Becoming the first female jockey to ride a winner in Hong Kong on Harmony N Blessed two years ago still rates among my greatest achievements and it was special to share second place with my husband Tom (Marquand), Mickael Barzalona and James McDonald 12 months ago.
Thrilled to be riding against Aussie legend
It’s a privilege to be helping make history at Happy Valley on Wednesday. It’ll be the first time two leading female jockeys have competed on the same card when Australia’s Jamie Kah makes her Championship debut. She’s the most successful female rider down under with an amazing eight Group Ones to her name and over 1,100 wins.
But the jockey we probably all have to beat is five-times Hong Kong champion Zac Purton, who won the challenge last year and is out to score a record fourth success in the event.
Tom is taking part again and we’ll also be joined by two familiar faces, with our own Ryan Moore – a dual winner himself – competing for the 16th time and Silvestre De Sousa qualifying from a strong pool of Hong Kong-based riders.

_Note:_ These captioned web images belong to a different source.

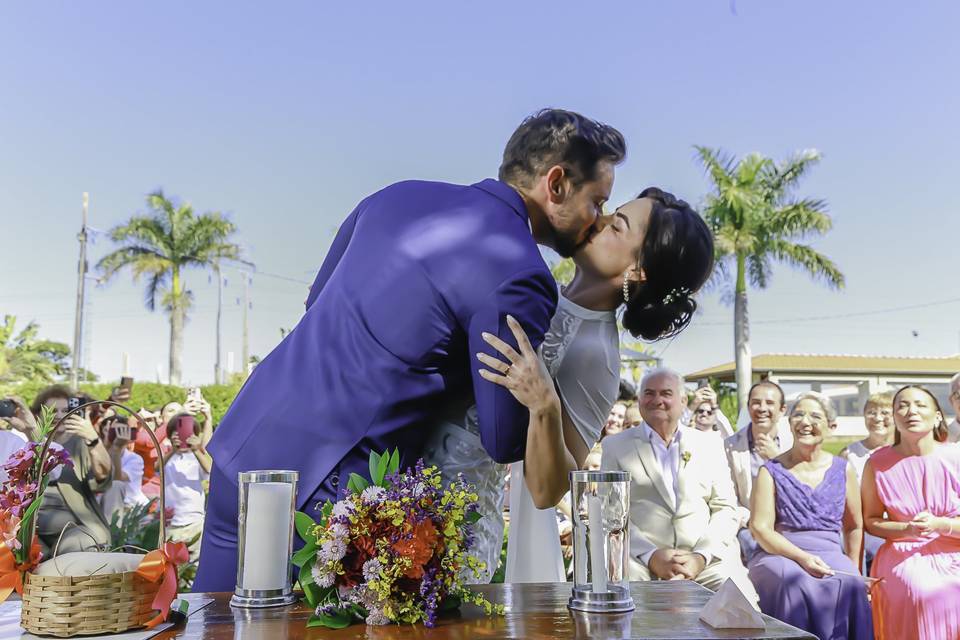 O casamento de Bruna e Victor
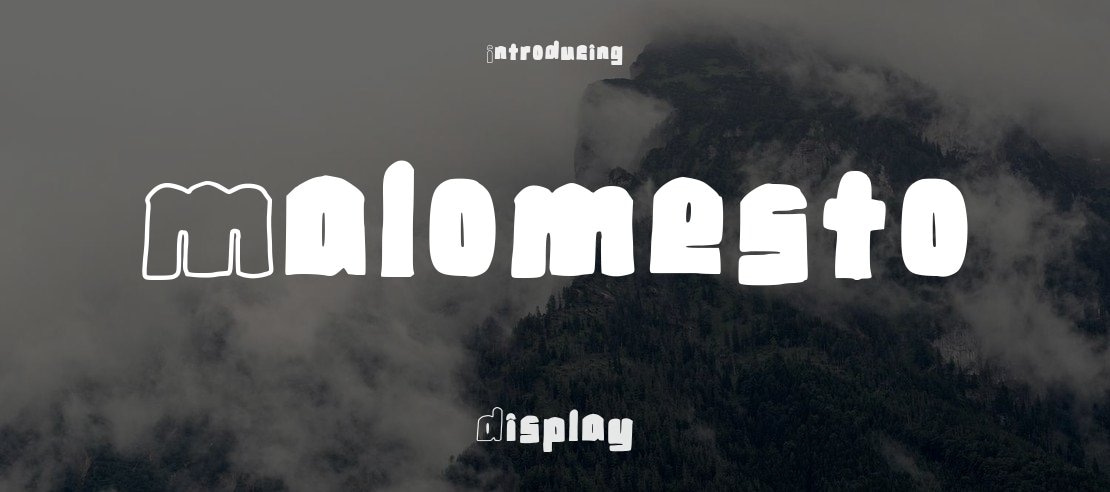 Malomesto Font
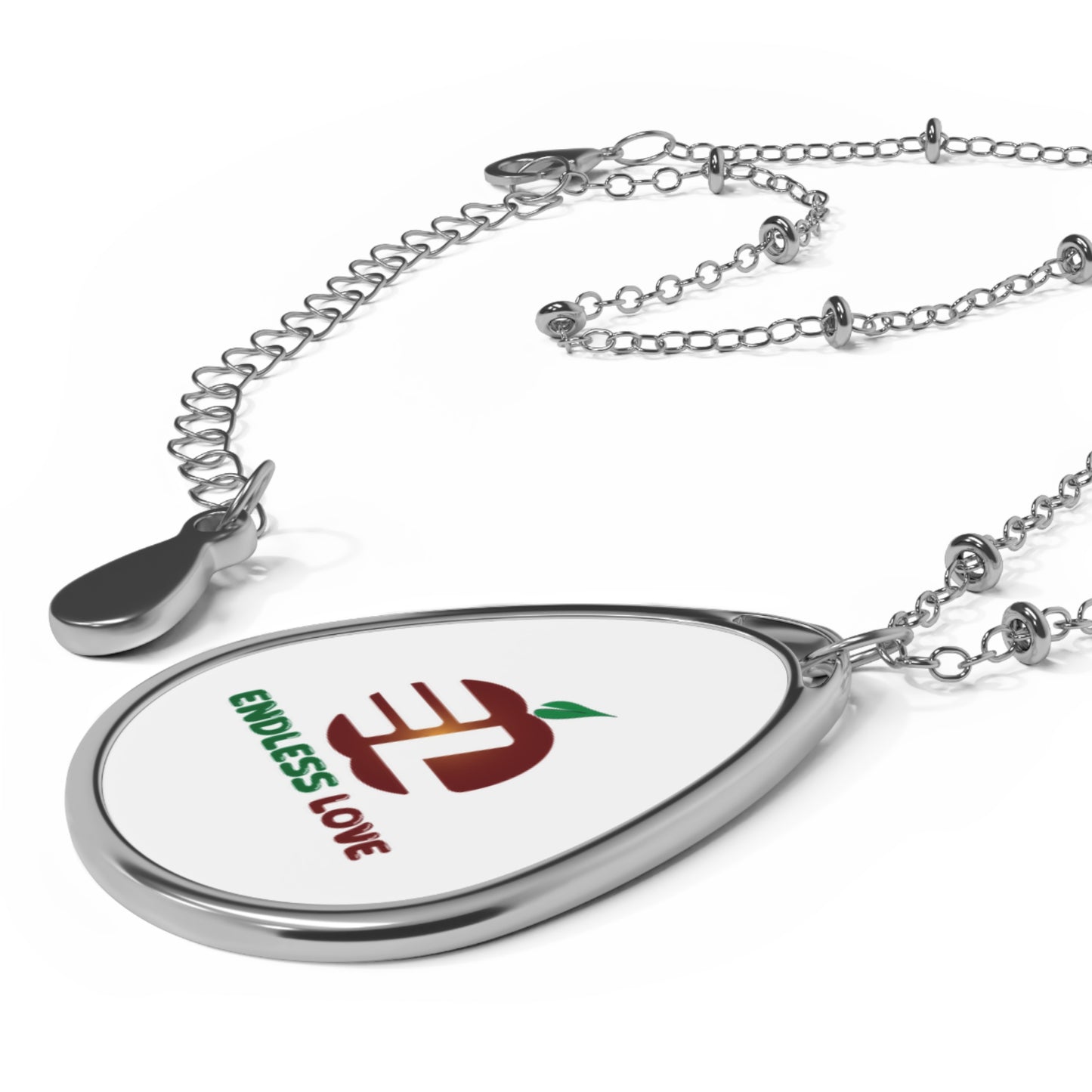 Timeless Oval Necklace by Endless Love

James McDonald is the leading contender for the Longines World’s Best Jockey award and would no doubt love to win this title, too, having finished second twice. We’ll also be up against top Japanese rider Yuga Kawada, a Hong Kong Cup winner on the awesome Loves Only You.
Good chances but two poor draws
I can’t profess to know a lot about the four horses I ride but I’m happy to partner Doug Whyte’s Universal Crown in the first leg, a 1000m sprint. We have a tough wide draw to overcome but he’s a speedy horse who ran well over an additional furlong last month.
My starting position is kinder in the second leg over the extended mile on David Hall’s Kung Fu Tea who was in good form earlier this year over 1400m, and I’m right up against the inside rail in stall one on Francis Lui’s Rising From Ashes in the third leg, another 1650m race.
Leg four, another sprint, leaves me with some work to do again from stall 11. I ride Dennis Yip’s Stormtrouper, a son of Toronado who was a course-and-distance winner last year, and also have four other rides on the card for local trainers.
I’ve learned from past experience that Happy Valley is a pretty technical test and you certainly need to have your wits about you. Things can happen in the blink of an eye so it’s important to get a good early position.
Frustrating start to life in Japan!
Tom and I are really enjoying our stint in Japan. He got off to a flying start but it took me a long time to get a winner which was frustrating as I’m quite an impatient person!
It was such a relief when it came on Reveur at Tokyo last month and I was delighted to add to that with an exciting pillar-to-post win on Pure Judge in the Ichikawa Stakes at Nakayama at the weekend.
I’ve been getting plenty of rides and support from various trainers but it’s just been hard to get on the better horses. Jockeys are booked around three weeks in advance over here, where we only race at the weekend, so most of the better rides were spoken for when we arrived.
It’s ultra-competitive with five international riders working on short-term licences but I’m hoping some bigger opportunities will come my way through December. We’re going to be racing at Nakayama now and they have Group races every weekend, which might help.
Life not so bad in jockey jail!
In Japan the rules that jockeys have to abide by are very different to those back home. Every Friday afternoon the riders engaged at the weekend’s fixture have to check into isolated accommodation referred to as ‘Jockey Jail’.
We’re not allowed phones or access to the internet until we come out after racing on Sunday night, which in some ways isn’t such a bad thing. Despite the language barrier everyone is really friendly and I’ve got used to it now.
I actually don’t mind it because it means you’re in one place so you can relax and concentrate on your forthcoming rides without worrying about travelling to the races.
Early starts but plenty of down time
When I came out to Tokyo for two months it seemed like a long time but it’s absolutely flying by. I’m due to return home on Boxing Day but am building some strong relationships with trainers and really hope I can come back and have another go next year.
Tom and I are enjoying the routine and I must admit it’s quite a novelty only to be racing at the weekends. Mondays and Tuesdays are our days off so we’ve been spending our time exploring and seeing the sights.
It’s great to have those two days to re-charge as the weekends are quite tiring but we’re up early on Wednesdays to ride work. We’re out of bed by 4.15am to travel to the training track, which is about an hour and a half away. We usually ride four horses, finishing at about 11.30, so it’s a long morning.
In the afternoon we go the gym to train before repeating the routine on Thursdays. Then on Fridays we go swimming and spend some time going through our weekend rides online before checking into Jockey Jail – to focus on hopefully riding more winners!